Start of TASK INPUT
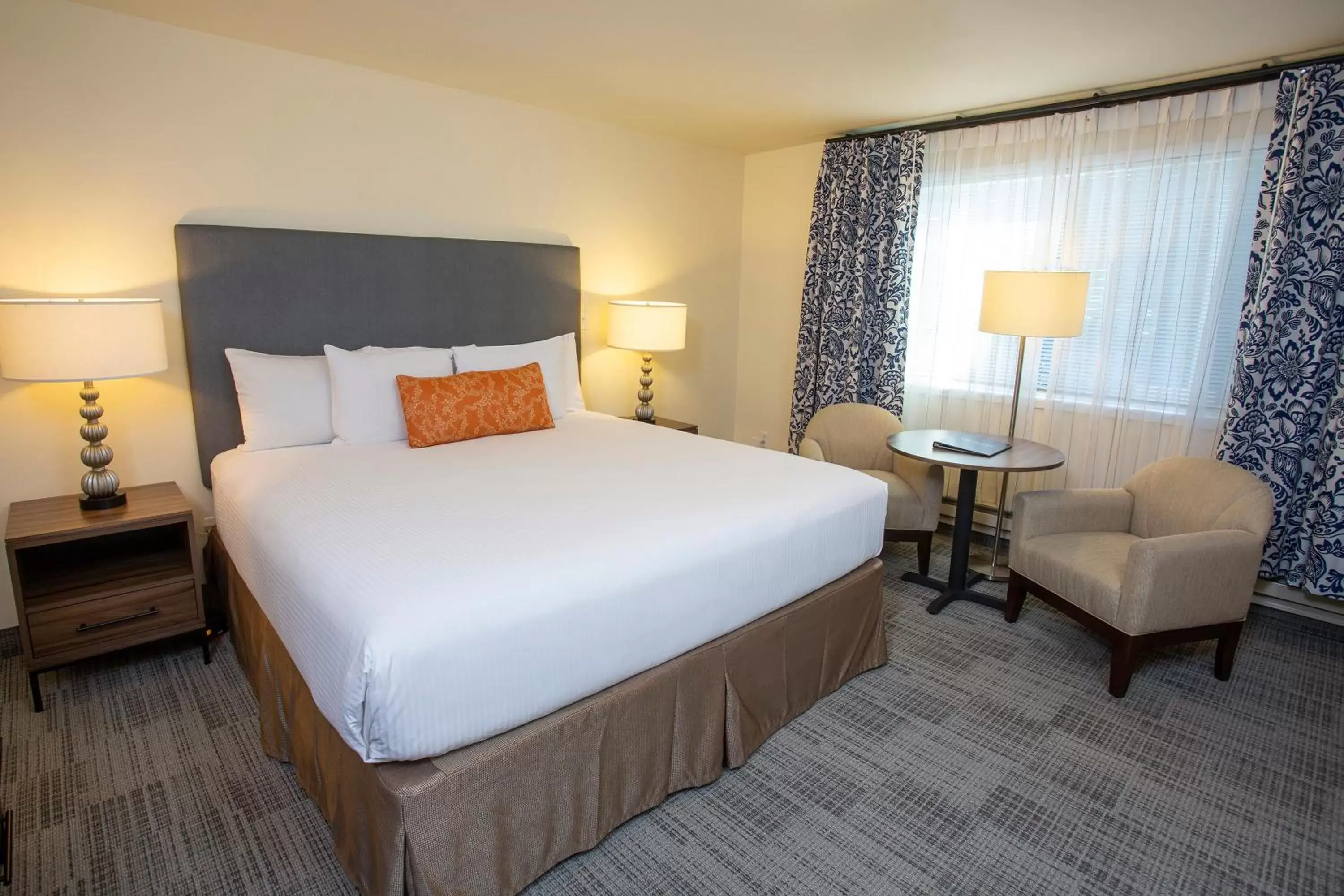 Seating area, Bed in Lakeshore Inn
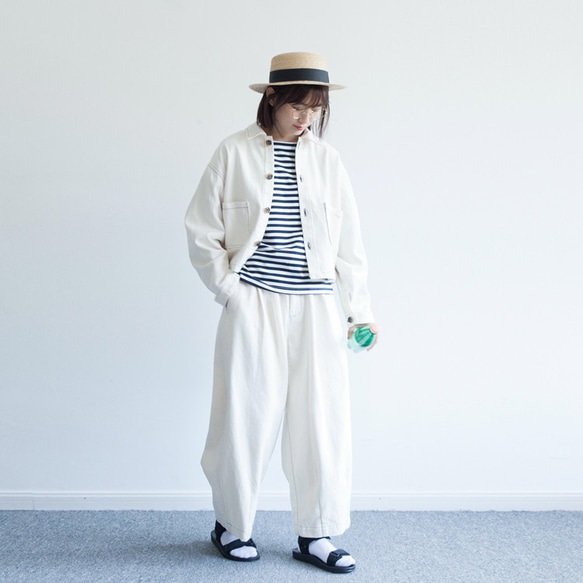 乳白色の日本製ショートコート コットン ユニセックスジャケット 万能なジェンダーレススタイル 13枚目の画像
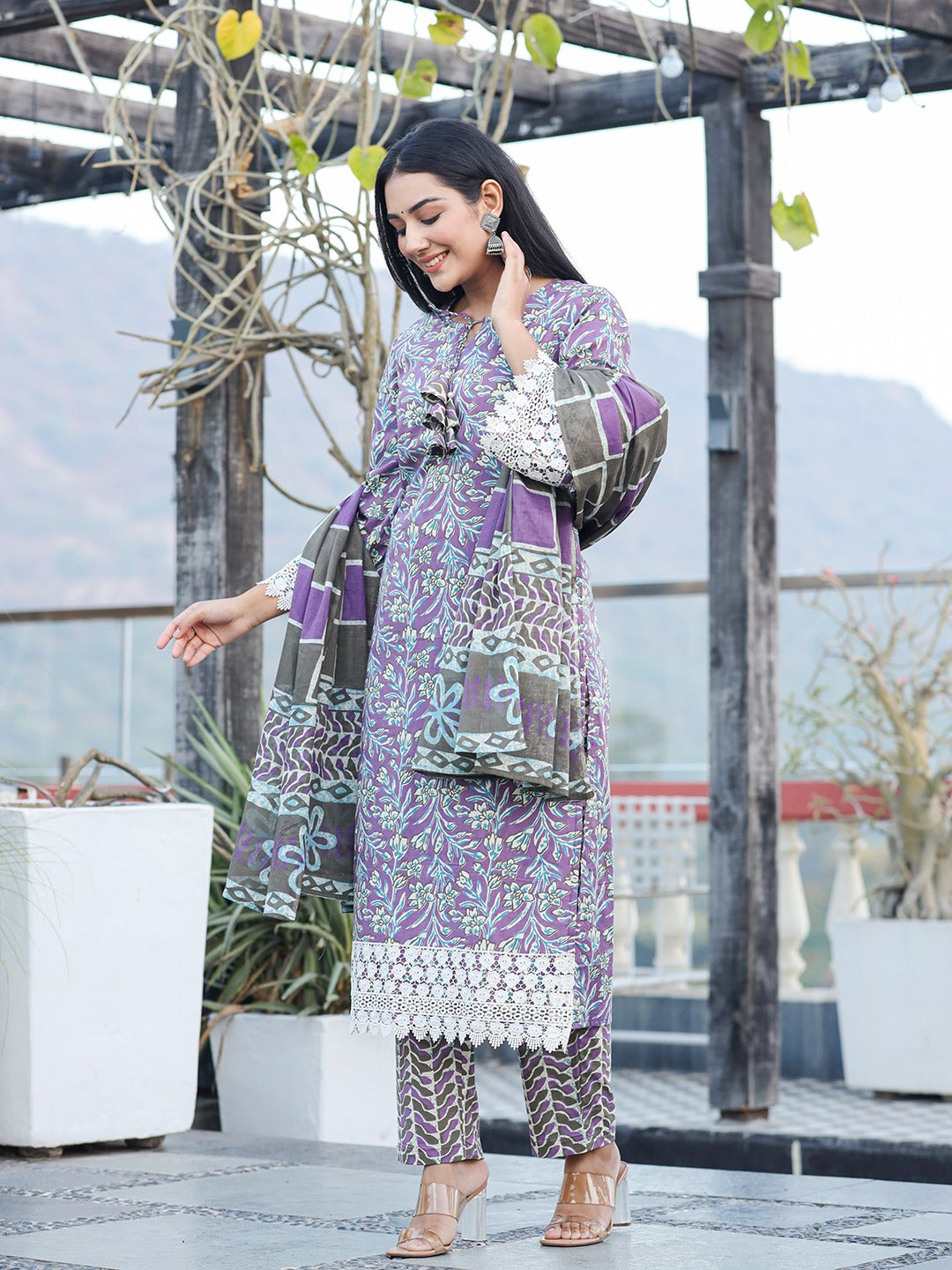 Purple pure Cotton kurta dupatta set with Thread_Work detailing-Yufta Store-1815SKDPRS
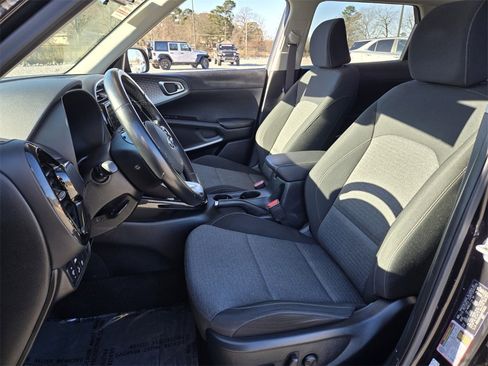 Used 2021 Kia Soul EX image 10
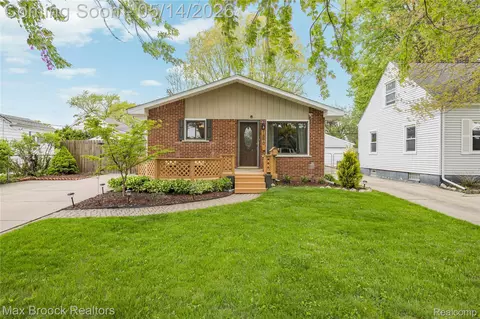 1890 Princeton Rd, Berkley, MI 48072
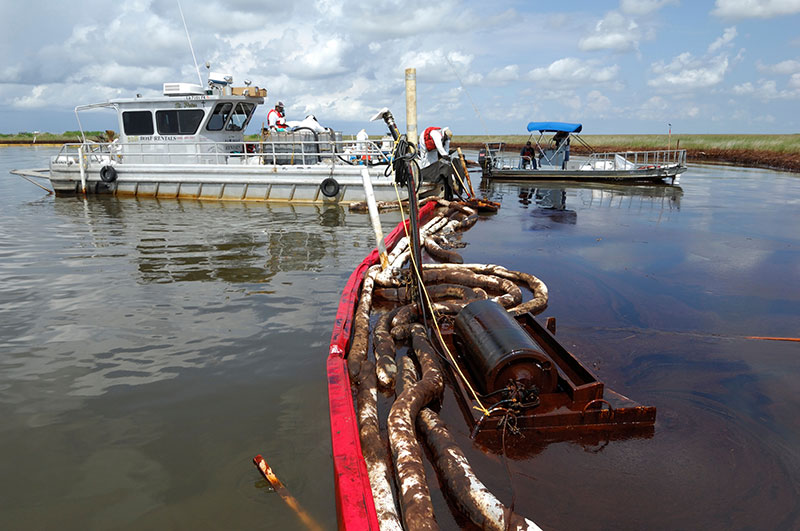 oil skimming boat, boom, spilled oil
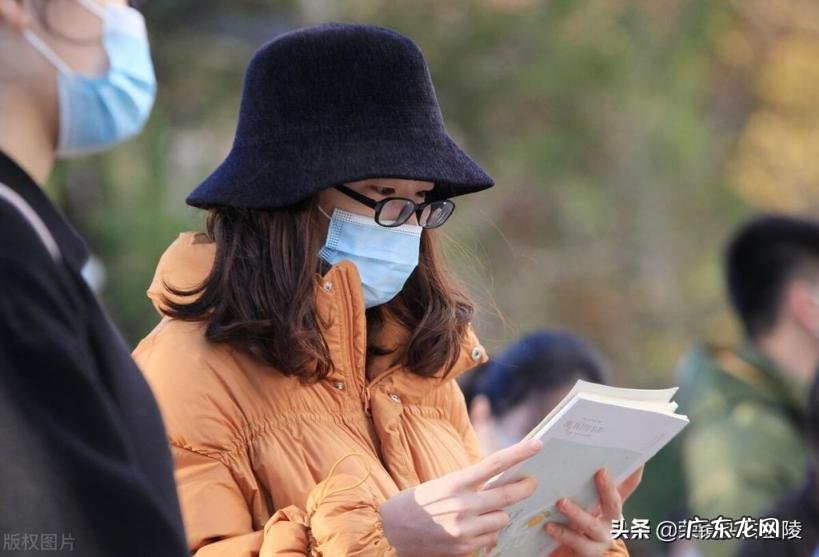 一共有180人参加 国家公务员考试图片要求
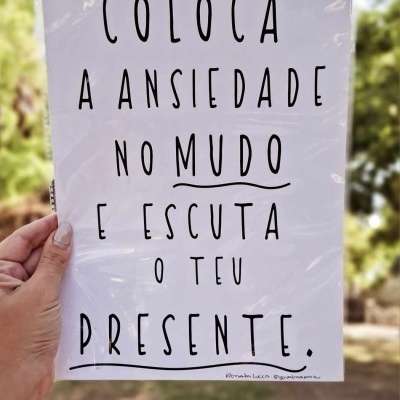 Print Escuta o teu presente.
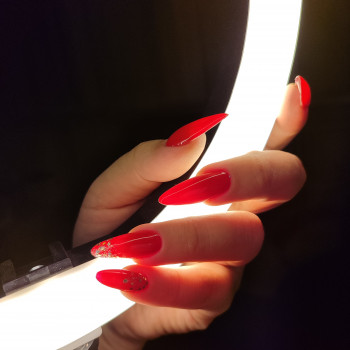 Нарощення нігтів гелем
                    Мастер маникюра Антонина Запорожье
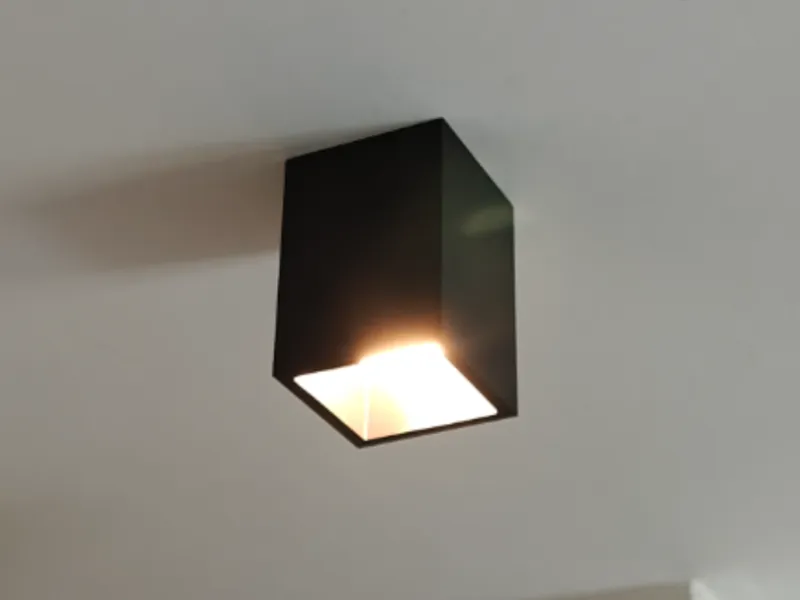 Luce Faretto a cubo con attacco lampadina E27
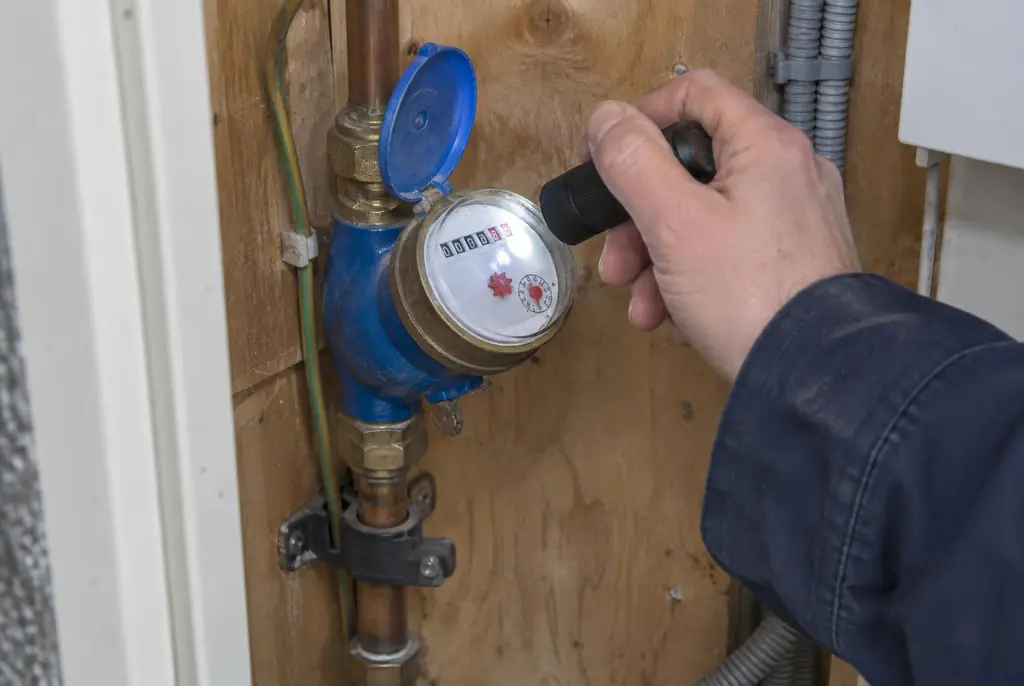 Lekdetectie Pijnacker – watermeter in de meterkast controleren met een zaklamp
End of TASK INPUT
■ WHAT IS REQUIRED: Write every record out again exactly as written. Pictures don't belong in the copy.

■ COMPLETED TASK:
 Seating area, Bed in Lakeshore Inn
 乳白色の日本製ショートコート コットン ユニセックスジャケット 万能なジェンダーレススタイル 13枚目の画像
 Purple pure Cotton kurta dupatta set with Thread_Work detailing-Yufta Store-1815SKDPRS
 Used 2021 Kia Soul EX image 10
 1890 Princeton Rd, Berkley, MI 48072
 oil skimming boat, boom, spilled oil
 一共有180人参加 国家公务员考试图片要求
 Print Escuta o teu presente.
 Нарощення нігтів гелем
                    Мастер маникюра Антонина Запорожье
 Luce Faretto a cubo con attacco lampadina E27
 Lekdetectie Pijnacker – watermeter in de meterkast controleren met een zaklamp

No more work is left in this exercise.